Problem description
Look through the records and copy every line in which "foto" appears.

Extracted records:

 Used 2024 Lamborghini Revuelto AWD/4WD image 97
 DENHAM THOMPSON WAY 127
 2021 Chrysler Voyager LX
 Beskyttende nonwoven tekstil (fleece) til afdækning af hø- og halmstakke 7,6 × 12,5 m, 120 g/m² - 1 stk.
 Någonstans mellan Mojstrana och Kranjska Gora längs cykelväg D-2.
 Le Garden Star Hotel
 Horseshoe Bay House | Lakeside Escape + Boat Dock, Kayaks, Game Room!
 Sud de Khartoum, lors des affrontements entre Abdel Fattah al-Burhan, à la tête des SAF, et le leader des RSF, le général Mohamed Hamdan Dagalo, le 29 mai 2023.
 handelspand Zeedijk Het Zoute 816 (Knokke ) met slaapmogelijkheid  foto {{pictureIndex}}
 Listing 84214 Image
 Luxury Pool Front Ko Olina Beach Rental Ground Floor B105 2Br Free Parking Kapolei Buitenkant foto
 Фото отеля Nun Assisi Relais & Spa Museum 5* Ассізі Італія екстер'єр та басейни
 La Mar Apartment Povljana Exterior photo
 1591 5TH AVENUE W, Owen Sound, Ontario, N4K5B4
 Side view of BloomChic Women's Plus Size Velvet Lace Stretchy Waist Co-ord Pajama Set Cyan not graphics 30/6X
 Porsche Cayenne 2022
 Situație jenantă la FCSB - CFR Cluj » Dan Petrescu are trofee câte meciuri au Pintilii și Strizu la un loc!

Your solution
 handelspand Zeedijk Het Zoute 816 (Knokke ) met slaapmogelijkheid  foto {{pictureIndex}}
 Luxury Pool Front Ko Olina Beach Rental Ground Floor B105 2Br Free Parking Kapolei Buitenkant foto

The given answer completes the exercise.